Paying bills on time and taking credit card balances down to zero are some of the things that can help improve a credit score, but how long does it take for all of this hard work to take effect?
The answer depends on when creditors have filed information to the three main credit bureaus. While most lenders and credit card companies update their records at least once a month, your credit score is not immediately updated. Instead, your credit score will be re-calculated at the time it is requested. So, once your credit report is updated the new data will be reflected in your score the next time someone asks for it to be calculated. Keep in mind, each credit monitoring service may update at different times.
There are some services which allow you to check your credit score more frequently than others, such as weekly versus monthly. The harder question to answer is how much effort it takes to really move the needle on your credit score. Here's some insight into how often credit scores change and why, so you can better gauge what you need to do to see a substantial improvement.
How often do credit bureaus update their reports?
Your credit report could change daily, or even more than once a day.
Creditors usually send information to the bureaus once a month, but they all report at different times, and it's not a given that they all provide information to all three bureaus. Also, some large credit card issuers handling millions of credit card accounts will send information to the bureaus in batches throughout the month.
How fast can you raise your credit score?

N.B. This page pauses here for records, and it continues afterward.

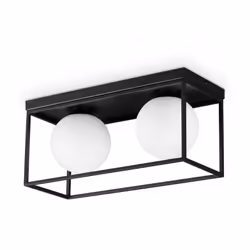 Collezione Lingotto DESIGN GEOMETRICO Plafoniera Contemporanea Lingotto Metallo Nero 2 Luci E14 28W IP20 A++ h.21,5 D. L.45,5 ...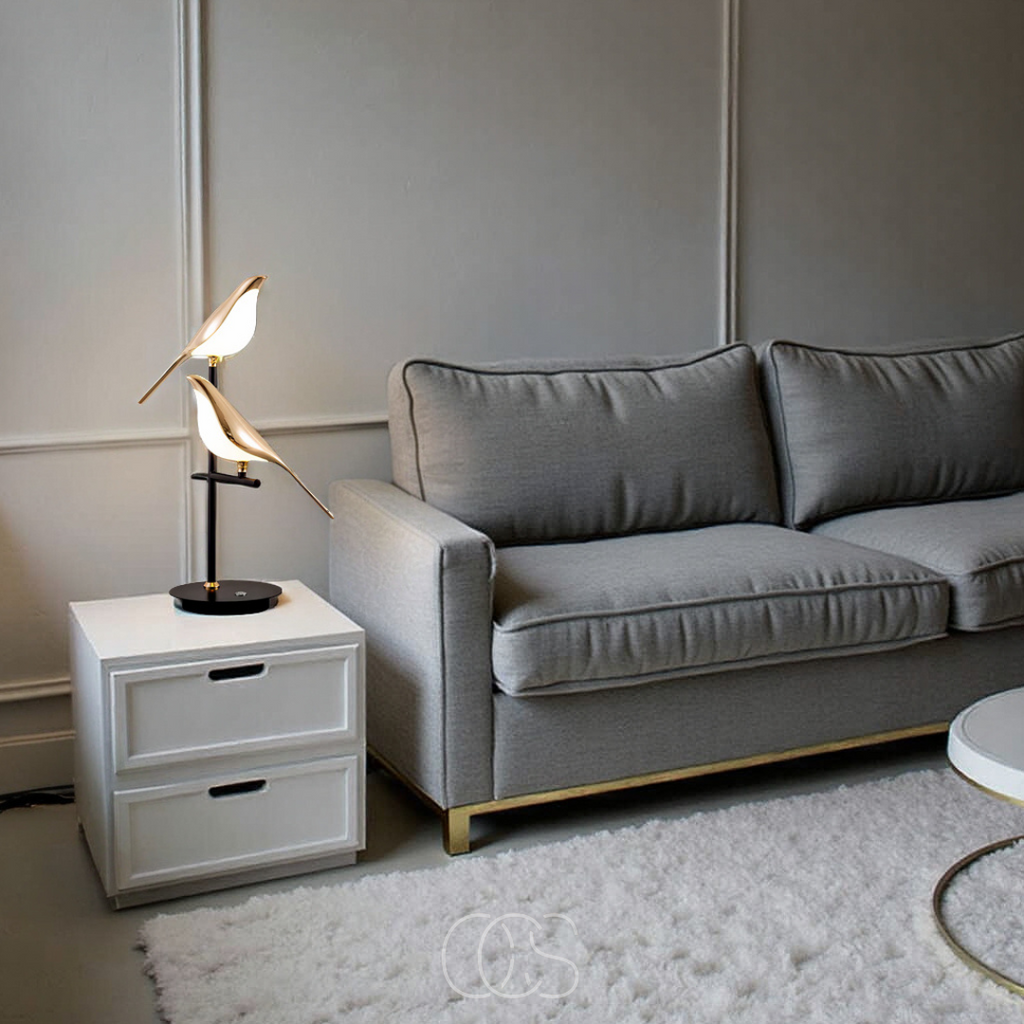 OCS - Lampada da Tavolo LED con Uccellino Dorato – Luce Calda e Atmosferica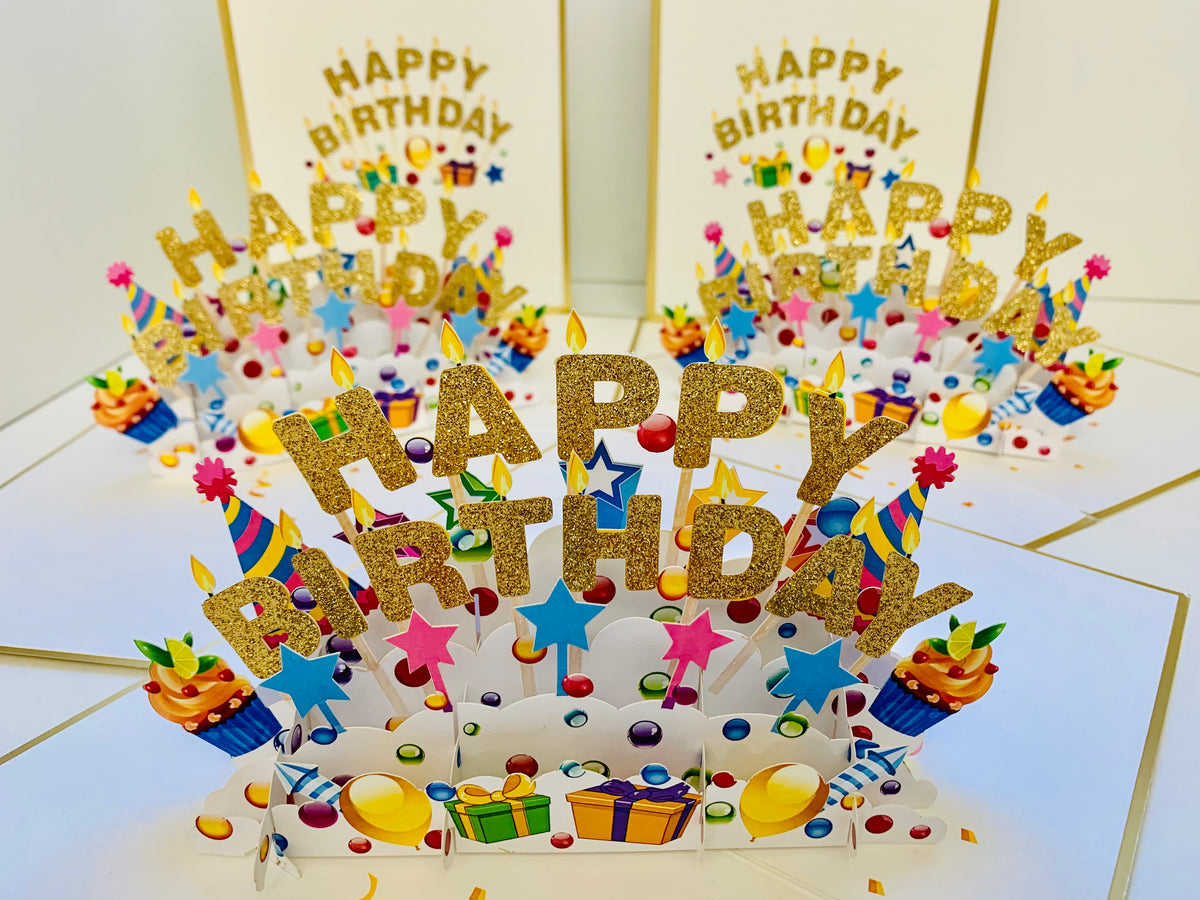 Luxury Gold Happy Birthday with Presents Origami Pop Cards 3D Pop Up Greeting Card Thank You Handmade Gift Thinking of You Happy Birthday Occasion Australiana Celebrate the Beauty and Happiness During Special Day Best Wishes Gift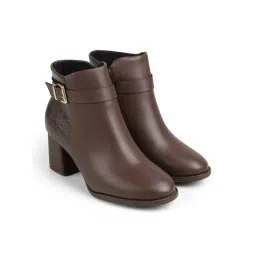 MODARE Women Brown Round Toe Chelsea Boots-picture-11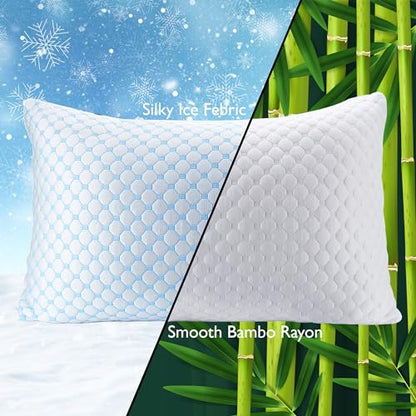 Greaton, Gel Memory Foam Pillows, Maintains Proper Sleeping Postures, Relieves Neck and Shoulder Pain, Perfect for Side, Back, or Stomach Sleepers, 25 x 15, White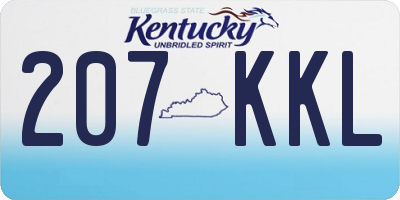 KY license plate 207KKL
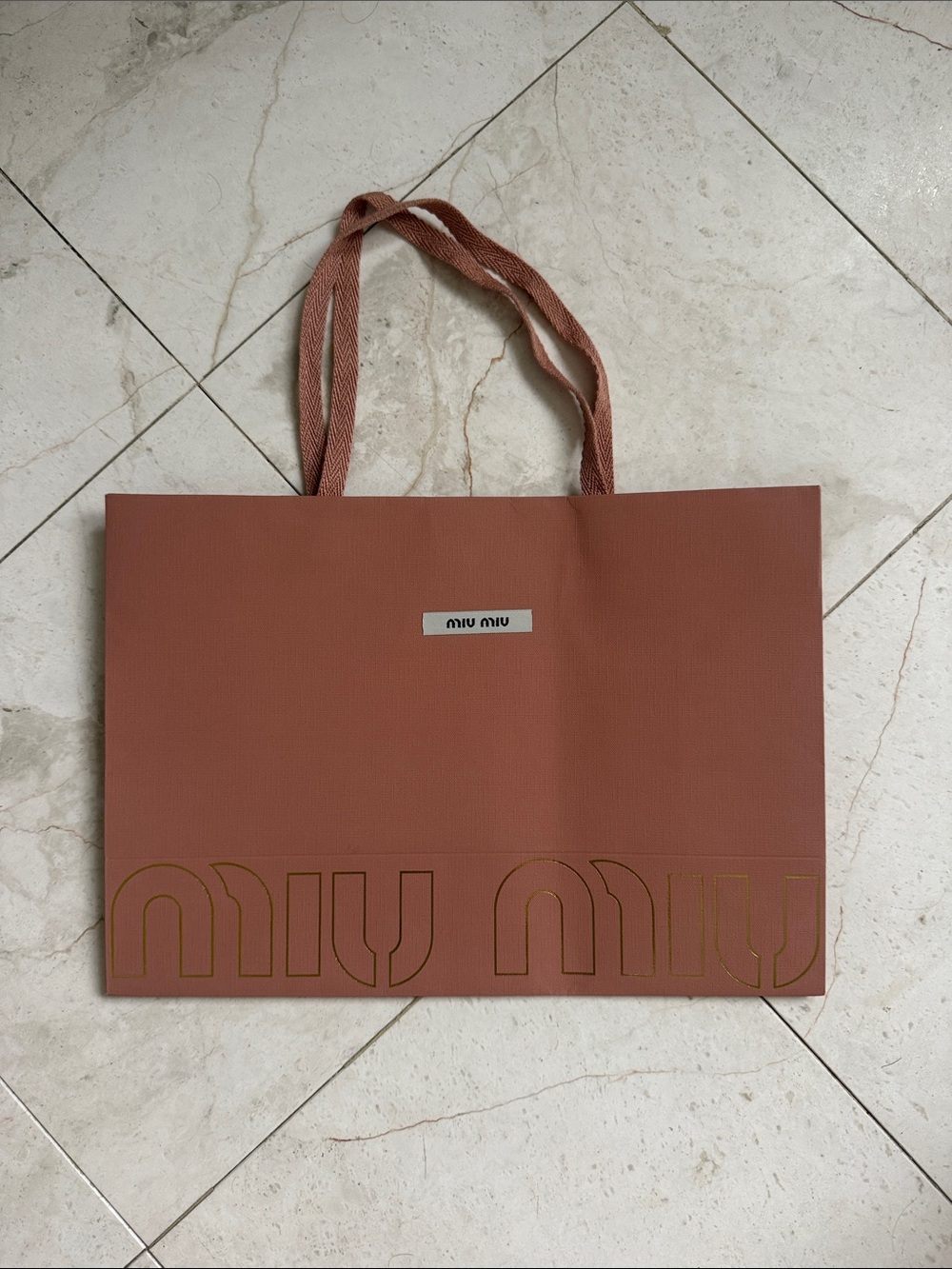Miu Miu Rosewood Logo Tote Bag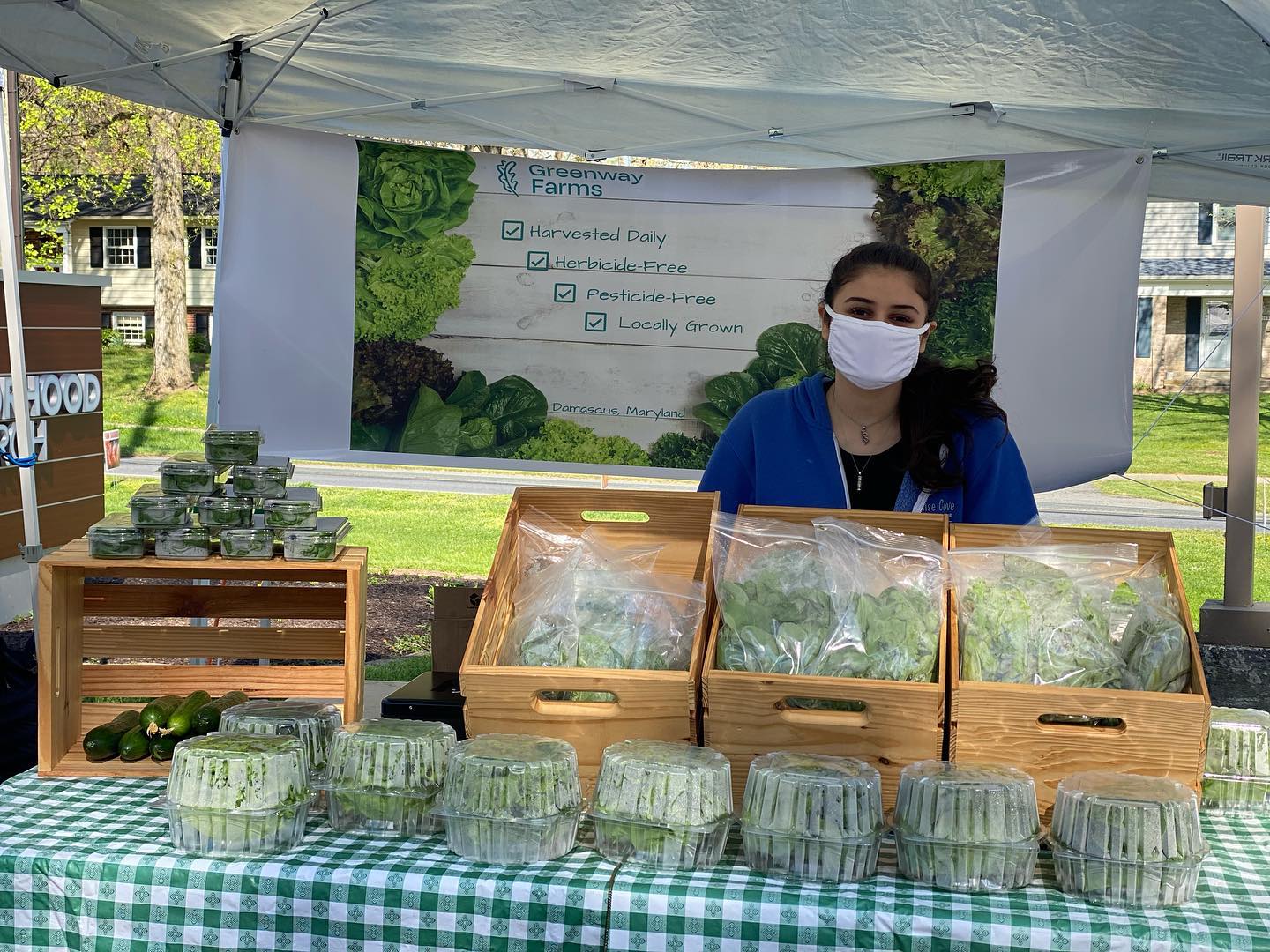First day of Derwood Farmers Market!! We’re so excited to be back! Come find us here every Saturday from 9am-1pm, and stock up on fresh greens for the week! We also offer pre-order and pick up at this location!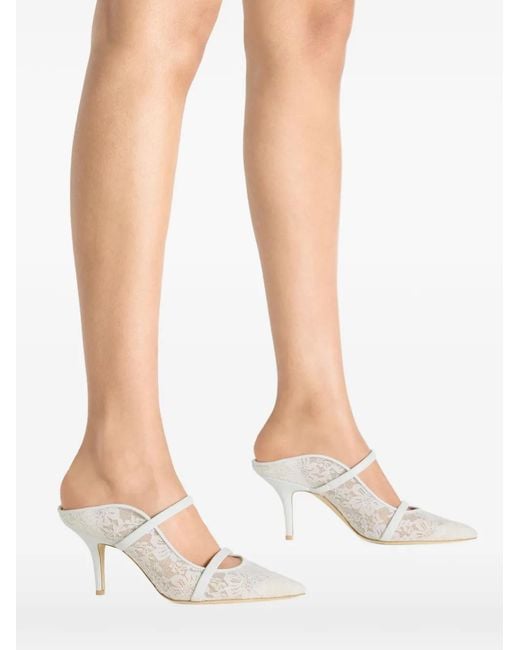 Malone Souliers White Maureen Strap-Detail Mules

How fast you can raise your credit score will depend on:
What category on the VantageScore® or FICO® credit score range your credit score currently sits
If your score is very low, even a small sign of improvement in your payment history and reducing card balances might increase your credit relatively fast. But it will take more than paying your credit card bill on time for a month or two to really move your score into a range that's considered good enough to get unsecured credit cards:
- Developing a solid payment history
- Keeping your card balances at less than 30% of each card's credit limit
How long you've been trying to improve your credit score
Although time is of the essence to improve payment history, there are some very powerful moves you can make to see noticeable signs of improvement within weeks:
- Checking your credit report for errors and disputing them
- Paying down a balance on a credit card to zero
- Improving your utilization ratio by paying all balances down to less than 30% of credit limit
Whether you have recent missed payments or defaults on your report
Missed payments can stay on your credit report for seven years and bankruptcies for 10. You will more than likely need to re-establish a history of making payments on time, as well as reducing your principle debt every month, by paying more than the minimum payment due. Although missed payments stay on your report for seven years, their impact fades over time. All may not be lost if you've missed your payment by a few days. If the missed payment is an exception rather than the rule, then pay the bill as soon as you can and ask the lender if they could refrain from reporting the late payment to the bureaus this one time. There's no guarantee this will work, but it might–you could set up automatic payments in return, as a goodwill gesture. Just be sure that you catch that missed payment as soon as possible, because its impact on your credit score will get worse with every day it's in default.
How can I raise my credit score quickly?
There are ways you can boost your credit score rather quickly. Try the following, if you're negotiating for a mortgage, for instance, and want to push your credit score higher to qualify for a lower interest rate:
Pay down your balance:
Pay off a credit card balance entirely, or improve your utilization ratio by either taking advantage of an offer to increase your credit limit, or by reducing your balances to less than 30%.
Increase your credit limit:
Requesting a credit limit could lead to a more favorable credit utilization ratio, especially if your current balances are low.
Become an authorized user:
Becoming an authorized can result in more consistent, on-time payments being recorded on your report, which could increase your credit score.
Correct errors on your report:
Look over your credit reports to see if you spot any inaccuracies, such as an instance of a late or missed payment that could be hurting your score. The process for requesting a removal may vary, depending on the credit bureau, so be sure to contact them to learn more about this process.
Consider a rapid re-score:
Ask your lender to request a “rapid re-score" on your behalf from one or more of the credit bureaus. This will allow lenders to request the most updated and current version of your reports.
Keep in mind, that these methods will require responsible spending, paying off your account by each grace period and monitoring your account. Rapid re-scoring, for example, isn't something you can do to make things like missed payments and defaults disappear in an instant. It takes time to really get into the top categories of the possible credit score range. The good news is that sincere efforts to get back on the path to financial health, by paying bills on time and not maxing out credit cards, will help you build an excellent credit score.